We do a couple speedies every day-mixedtables between 2 and 5 for confidence and the higher ones later. It's timed and very quick and takes very little time. A short sheet of paper with about 50 times table sums twice a day.

I write this up on the way to work on the Tube. You'd be surprised how fast your child will get thru them.
Also have a challenge with Mum,or older member of family at meal times(In between main course and pudding). They absolutely love beating Mum and Dad!

 Post subject:
PostPosted: Tue Feb 13, 2007 11:32 am 
Thanks so much lots of great tips! He is in year 6 so I really want this cracked by the time SATS come round and before he is off to high school.

I should say he is quite good at them if he works through them so If I ask him 7x8 he has to go through 1x8 2x8 3x8 etc its that instant recall that isn't sticking. He's definitely got my genes his dad is like a human calculator!

 Post subject: Tables
PostPosted: Thu Apr 26, 2007 2:24 pm 
This site is very useful and interesting, for those children having problems with their tables.
http://www.bbc.co.uk/skillswise/numbers ... heet.shtml

 Post subject:
PostPosted: Fri Apr 27, 2007 8:08 am 
Although we are all ok at tables in our house this one challenges even the most able. It uses the grid system but put ten numbers across the top in random order and again down the side in any order. You have two minutes to complete all the boxes. My year 5 son is given this at school regularly in maths and I think its great fun especially if you have a competitive child. His maths teacher believes that you should just KNOW the answer - NO tricks. I think this is true but hard to achieve.

 Post subject: tables
PostPosted: Tue Sep 04, 2007 11:01 am 
Content removed for breaking the forum rules (Rule 4)
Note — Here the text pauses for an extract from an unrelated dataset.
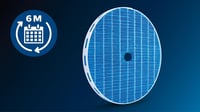 Philips FY3435/30 Légtisztító Szűrő Kék-Fehér 2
 Post subject: Times Tables
PostPosted: Tue Sep 04, 2007 4:47 pm 
We bought a funky little cd which we listened to in the car to and from school, the songs are so catchy that when I gave my childrens' friends a lift, they all asked to listen to it (and no, they're not all weirdos!) These songs had a way of lodging themselves into the brain along with the answers to all the times tables. Worth a try.

 Post subject:
PostPosted: Tue Sep 04, 2007 6:32 pm 

Joined: Mon Jun 18, 2007 2:32 pm
Posts: 7138
Location: East Kent
a pack of cards is a brilliant investment!
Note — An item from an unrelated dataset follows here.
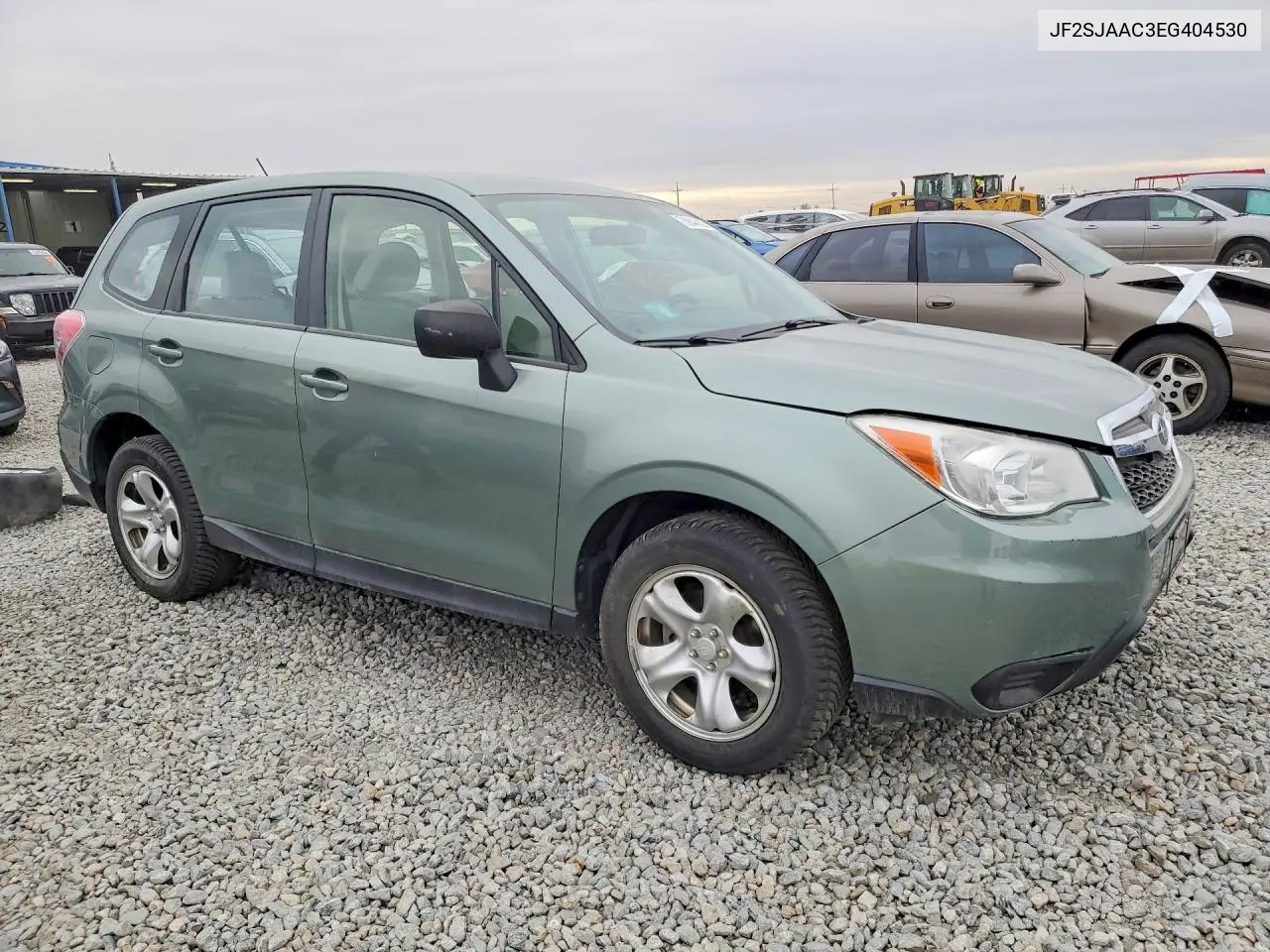 JF2SJAAC3EG404530 2014 Subaru Forester 2.5I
Shuffle well and then deal 2 cards, multiply together, 1st person to get the answer gets the pair of cards, as in snap. Winner is teh one with teh most cards at teh end. Depending on teh abilities of teh people playing you can leqave on teh picture cards. If you are playing against a child, to begin with you can play so that if answer is corrct they get the cards , if not you do. Can introduce a time element as well. The game can be adapted for addition, dealing 2, 3 or 4 cards or subtraction, introducing negative numbers. Ther are loads of interesting games on the internet.

Google combination of games, multiplication etc.

This one is great!
http://www.arcademicskillbuilders.com/g ... eteor.html

really good for building up immediate recall!

 Post subject:
PostPosted: Tue Sep 04, 2007 10:30 pm 

Joined: Thu Jan 11, 2007 10:30 pm
Posts: 960
bribery. Works for other subjects as well. And room tidying.

seriously, while you are working on tables, work on 13, 14 and 15 as well. Incredibly useful for 11+ and beyond.